Ma l’Imu è solo una delle molte imposte e non si può dimenticare che nel 2012 la pressione fiscale è aumentata al massimo storico del 44% del Pil, con un aumento di 1,4 punti rispetto al 2011, superando di 4 punti la Germania e gli altri paesi dell’area euro: solo la Francia ha una pressione di poco maggiore ma con prestazioni sociali di gran lunga più estese. Un prelievo di 20 miliardi aggiuntivi in un anno di profonda recessione non è stata la politica più appropriata alla situazione difficile del paese, prova ne sia il fatto che il gettito dell’Irpef è rimasto invariato – perché i redditi delle famiglie sono congelati – e il gettito dell’Iva è diminuito perché gli scambi di famiglie e imprese sono anch’essi diminuiti.
In questo quadro le imposte addizionali sul reddito, regionali e comunali, sono invece aumentate del +25% in un solo anno, fra il 2011 e il 2012, raggiungendo il 9% del gettito Irpef: si tratta ormai di un onere a cui guardare con crescente attenzione, perché rappresenta ormai un prelievo alla fonte di quasi un decimo del reddito. A ciò si deve aggiungere che i regimi di aliquote regionali e comunali sono diventati una selva sempre più oscura e sconosciuta: le addizionali vivono ormai di vita propria, mentre la ragionevolezza suggerirebbe che dovrebbero essere sostitutive, e non aggiuntive, di una pressione fiscale già così elevata.
La tassa sui servizi comunali (perché chiamarla “service tax”?) è in linea di principio più accettabile, a condizione che si tratti proprio di una tassa nel senso proprio, cioè il corrispettivo di un servizio, o di un insieme di servizi prestati dal Comune in cui si risiede, piuttosto che di un tradizionale prelievo d’imposta: in questo modo i cittadini potrebbero mettere sul piatto della bilancia ciò che pagano con la qualità della pulizia delle strade o dei servizi sociali. Non è in realtà un esercizio semplice perché la gran parte delle infrastrutture chiave di una società moderna, come quella italiana, è reticolare e coinvolge una molteplicità di comuni.

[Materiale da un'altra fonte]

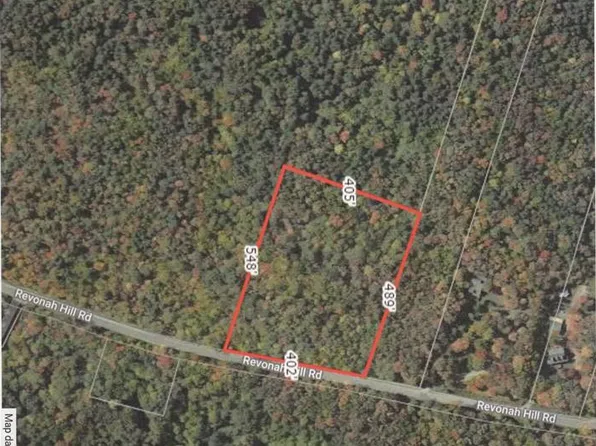 Revonah Hill Road, Liberty, NY 12754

Mentre la politica monetaria è migrata a Francoforte, la politica fiscale è ormai con un piede in Italia e l’altro a Bruxelles: nel corso degli ultimi due anni abbiamo sottoscritto impegni europei che stanno profondamente trasformando lo Stato e il ruolo della Pubblica amministrazione, in particolare per ciò che riguarda il decentramento fiscale e le competenze locali. Ma ciò sta avvenendo più sulla spinta delle emergenze che secondo un disegno, per quanto approssimato. Tuttavia ciò che oggi si decide crea nuove istituzioni e regole che una volta in vigore sarà difficile cambiare, o migliorare: è necessaria una visione più complessiva del sistema fiscale perché con il livello di pressione fiscale raggiunto, la sua riduzione, centrale o locale, diventa ormai lo snodo decisivo per la crescita al paese.